Hybrid collimation for industrial gamma-ray imaging: combining spatially coded and compton aperture data

Abstract

The combination of a mechanically collimated gamma-ray camera with an electronically collimated gamma camera offers both the high-efficiency and good angular resolution typical in a mechanically collimated camera for lower photon energies and the uncoupling of spatial resolution and efficiency provided by an electronically collimated camera at higher energies. The Hybrid Portable Gamma Camera (HPGC) combines a MURA coded aperture camera with a Compton scatter camera to provide a broad range of energy response suitable for industrial imaging situations (50 keV–2 MeV). This paper compares the relative information content per photon for the three imaging modalities possible with the HPGC: mechanical collimation, electronic collimation and hybrid collimation, which combines information from the spatially coded aperture with Compton aperture information.
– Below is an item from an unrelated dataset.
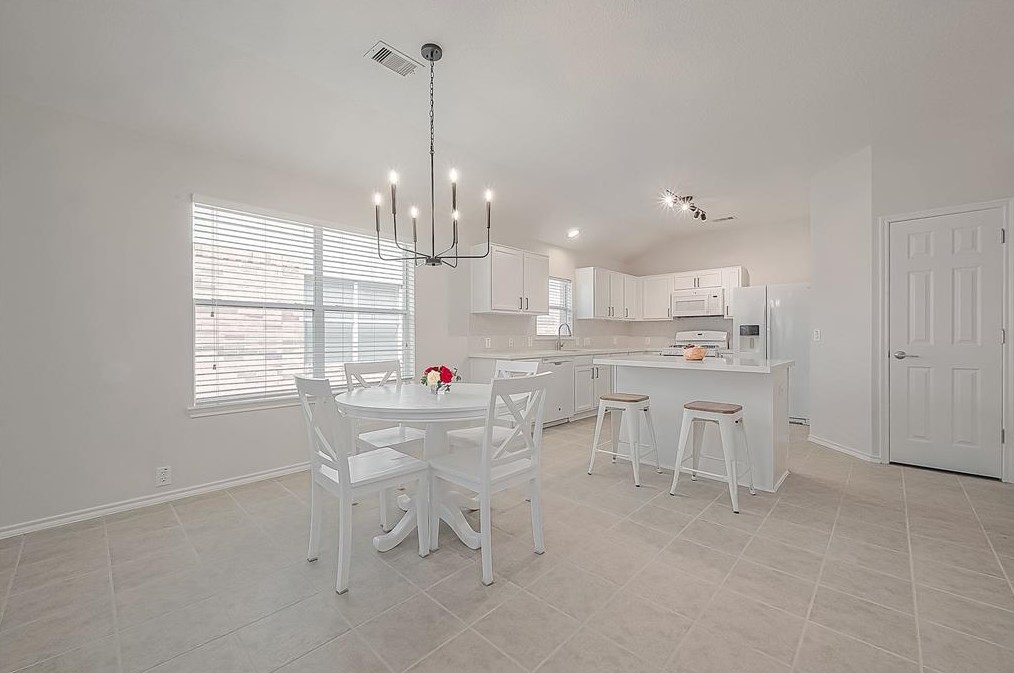 20019 Larkspur Lndg, Richmond TX  77407-7237 exterior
The analysis is done for point sources at two incident energies (412 and 662 keV) in the medium-energy range of operation for the HPGC (400– 800 keV) where neither mechanical collimation nor electronic collimation performs particularly well acting independently. A resolution–variance analysis is used to compare the three modalities. Results show that hybrid collimation is superior to mechanical and electronic collimation at both 412 and 662 keV over the resolution range likely to be used for such a camera.